Character AI Launches AvatarFX Model That Generates Consistent Videos from Images

Character AI, a California-based AI platform, has introduced its first video generation model, named AvatarFX, which can convert images into 2D and 3D animated videos. The company claims that the videos generated by AvatarFX will maintain temporal consistency, ensuring that elements like facial expressions, hand, and body movements remain smooth and coherent across frames. The videos will also incorporate speech, powered by Character AI’s native text-to-speech (TTS) models. AvatarFX is expected to be released in the coming months, with paid subscribers gaining early access to the tool.
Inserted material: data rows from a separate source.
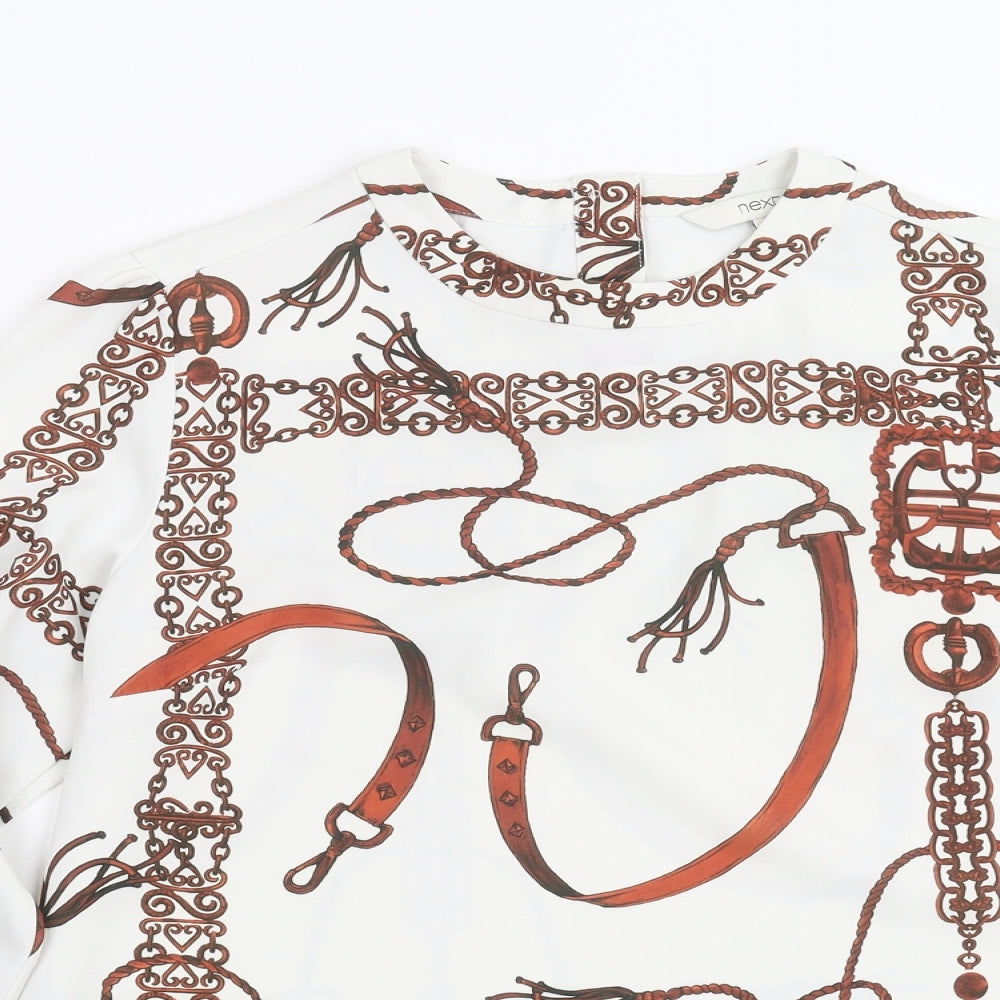 NEXT Womens White   Basic Blouse Size 6  - Chain Pattern
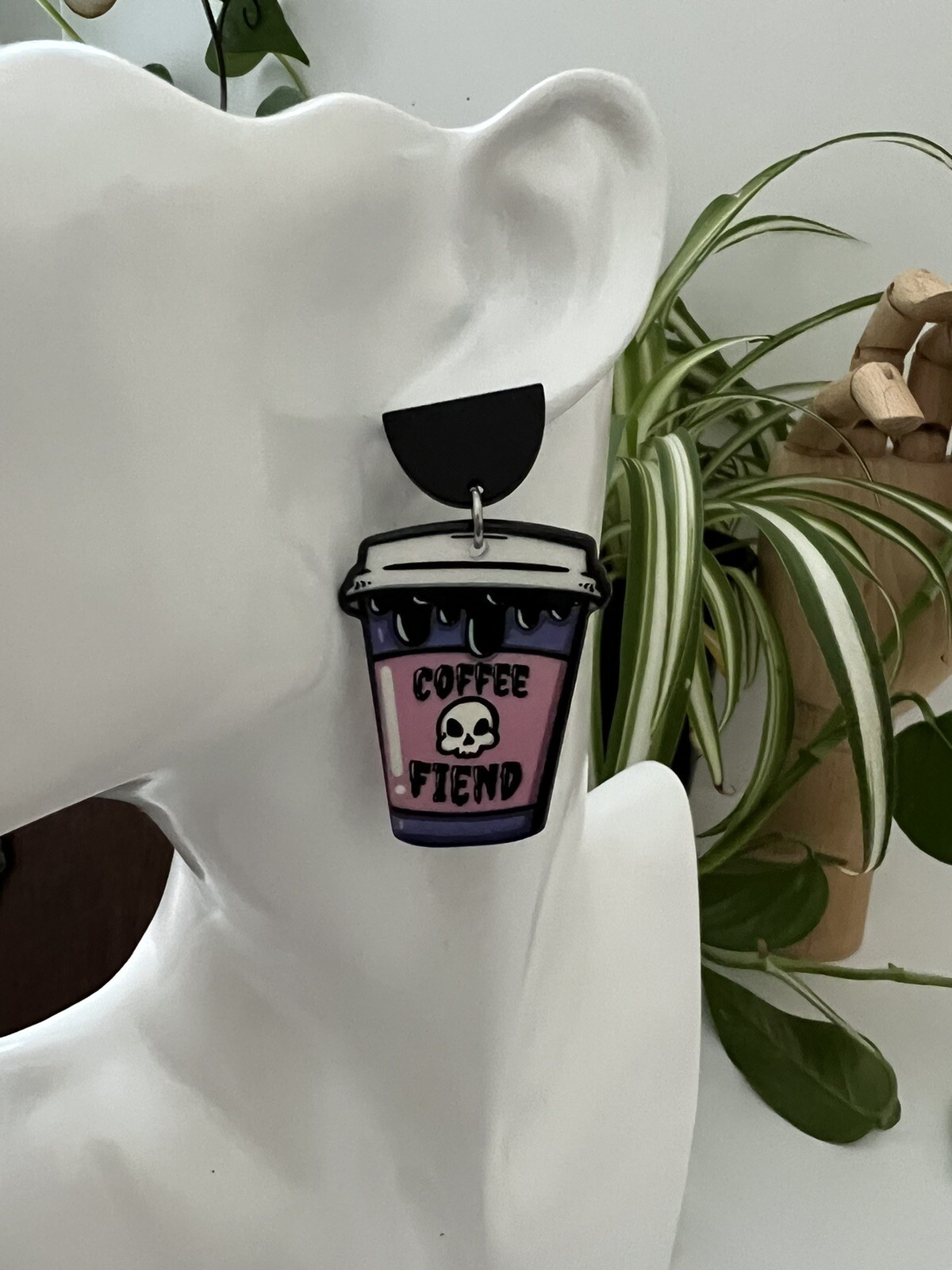 Coffee Fied Pastel Goth Large Dangle Earrings – Cute Emo Graphic Earrings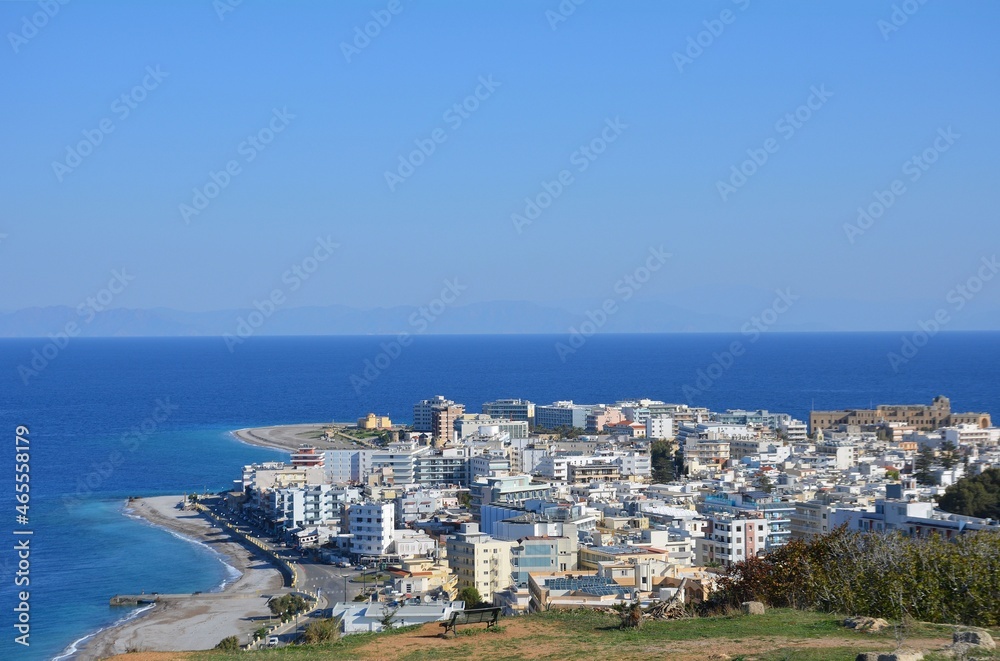 Aerial view of the new town and resort area of Rhodes, Greece.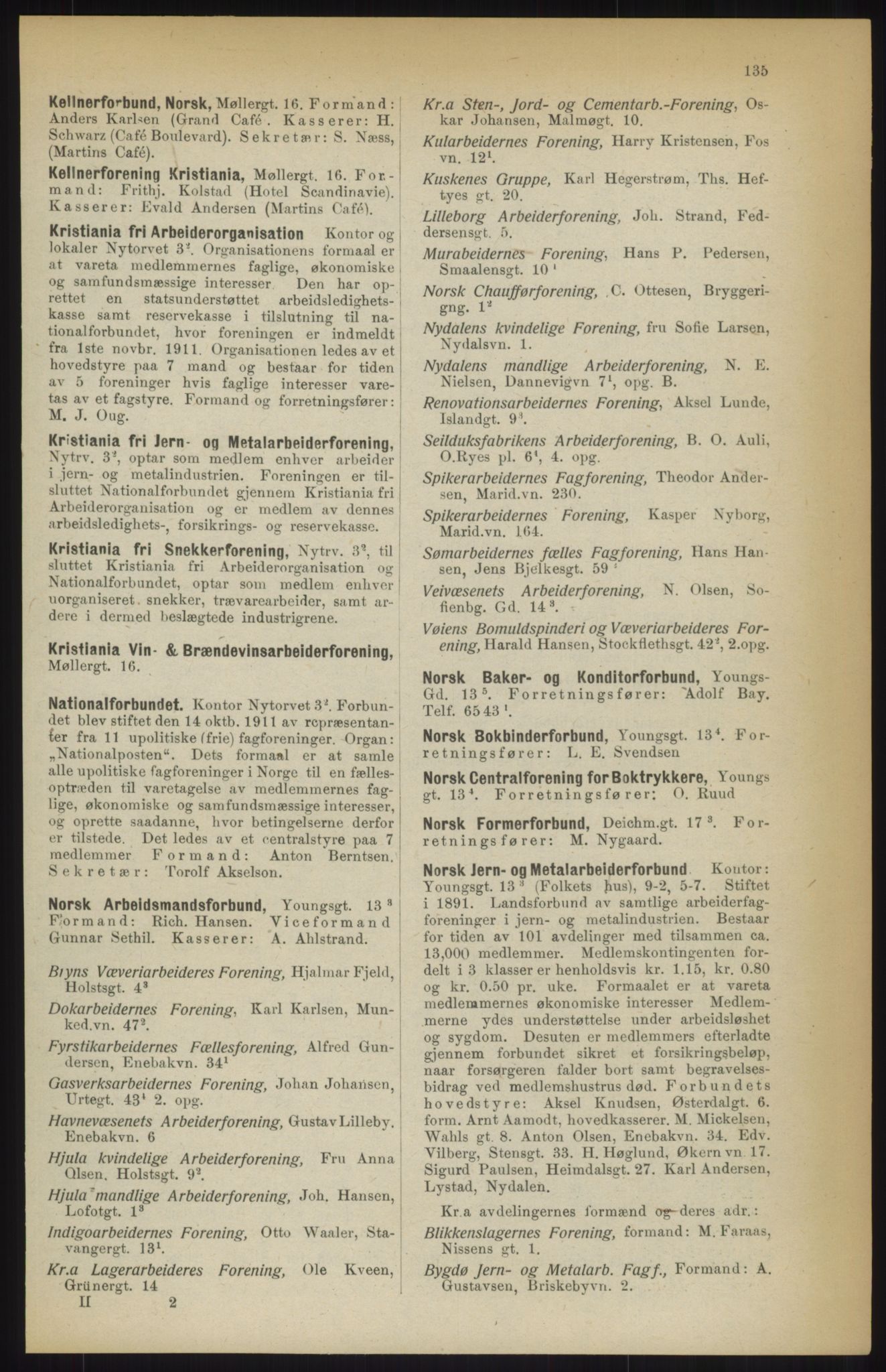 Kristiania/Oslo adressebok, PUBL/-, 1914, p. 135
AvatarFX marks a significant expansion for Character AI, which has primarily focused on text and image-based models in the past. With this new model, the company ventures into the realm of AI-generated videos, allowing users to create animated characters that can move and speak. However, unlike most video generation models, AvatarFX will not generate realistic human characters. Instead, it focuses on 2D and 3D cartoon characters, as well as non-human faces. The goal is to provide users with a tool that allows for more creative and controlled video generation.

A key feature of AvatarFX is its emphasis on temporal consistency. This means that the generated videos will ensure the continuity of movement, with facial expressions, hand, and body gestures remaining fluid between frames. The company asserts that this model will significantly reduce issues like glitches or inconsistencies, such as extra limbs or distorted facial expressions, which can often occur in AI-generated video. While these claims sound promising, the true capabilities of AvatarFX can only be confirmed once the model is officially released.

One important distinction of AvatarFX is that it will not generate videos based on text inputs. Instead, the model accepts images as its sole input. Character AI believes that this approach will allow users to have better control over the video generation process, ensuring that the resulting videos are closer to the user’s vision. The inclusion of speech, powered by the company’s TTS models, adds another layer of realism to the animated content, making it more engaging and dynamic. This move signals Character AI’s push to enhance the way we create and interact with AI-generated videos, offering new possibilities for animation and storytelling.